What to produce. Nothing in the records may be left out or reworded; return them exactly.

Records provided.

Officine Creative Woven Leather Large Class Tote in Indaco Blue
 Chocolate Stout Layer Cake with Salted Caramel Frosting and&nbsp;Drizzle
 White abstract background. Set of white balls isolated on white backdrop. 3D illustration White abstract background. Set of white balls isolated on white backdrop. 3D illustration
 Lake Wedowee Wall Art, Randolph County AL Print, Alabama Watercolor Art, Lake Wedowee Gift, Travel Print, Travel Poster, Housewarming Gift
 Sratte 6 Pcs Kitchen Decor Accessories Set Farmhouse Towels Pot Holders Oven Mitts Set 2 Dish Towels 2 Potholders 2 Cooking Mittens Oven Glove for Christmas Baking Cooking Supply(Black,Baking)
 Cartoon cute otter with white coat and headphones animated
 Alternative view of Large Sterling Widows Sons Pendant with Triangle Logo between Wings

Written solution.
Officine Creative Woven Leather Large Class Tote in Indaco Blue
 Chocolate Stout Layer Cake with Salted Caramel Frosting and&nbsp;Drizzle
 White abstract background. Set of white balls isolated on white backdrop. 3D illustration White abstract background. Set of white balls isolated on white backdrop. 3D illustration
 Lake Wedowee Wall Art, Randolph County AL Print, Alabama Watercolor Art, Lake Wedowee Gift, Travel Print, Travel Poster, Housewarming Gift
 Sratte 6 Pcs Kitchen Decor Accessories Set Farmhouse Towels Pot Holders Oven Mitts Set 2 Dish Towels 2 Potholders 2 Cooking Mittens Oven Glove for Christmas Baking Cooking Supply(Black,Baking)
 Cartoon cute otter with white coat and headphones animated
 Alternative view of Large Sterling Widows Sons Pendant with Triangle Logo between Wings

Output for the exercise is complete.